I have always had the belief that expression, in whatever form (excepting destruction of property, and physical harm) is the right of the maker, and needs not be suppressed, either through laws, or persecution. You are an artist...actualize your creativity in any manner you find that satisfies your need to express yourself.
That said, I would like to see you set aside time to answer comments. I missed whatever rationale you published giving reasons for not doing so. This is an observation and desire, not designed to preach to you. For me, if people are taking time to read my work, I feel grateful in answering, even a word or two. Every commenter is important to me...and thinking along those lines, ideas come from unlikely sources (through comments), sometimes indirectly, but always thought provoking.
Thanks for your support over these very short, but illuminating years. ooxoxo
Believe me, this seems very wise.Truth is, even in our "real" lives, we hide parts of who we are, differently to different people. And they filter what they see through their own imperfect lenses. I'm not always sure those are more real than these characters we play, when we have the ability to hold forth at, perhaps, greater length than in a "real" conversation. And over time, something that seems like reality shines through.

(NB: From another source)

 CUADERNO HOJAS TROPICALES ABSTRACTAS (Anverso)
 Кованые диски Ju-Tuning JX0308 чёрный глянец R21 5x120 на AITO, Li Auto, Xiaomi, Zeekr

You walk a very delicate line with grace and focus in your writing. I appreciate the various rooms and shades of gray you and so many other great artists present to the world. Creating and living into the call of artist (whatever the medium) is, ultimately, about discovering the depths of one's own psyche and spirit. That takes far greater courage to engage than facing even the harshest of critics.
Your writing is a delight :-)
Wouldn't it be nice to consider this place to be a writer's community where socializing goes on? I never saw the point to trying to define the place as one or the other.
Here's to more of you, whatever your persona, dear friend.
Zumapick for meta
My question is this...are you comfortable meeting up with people from this community?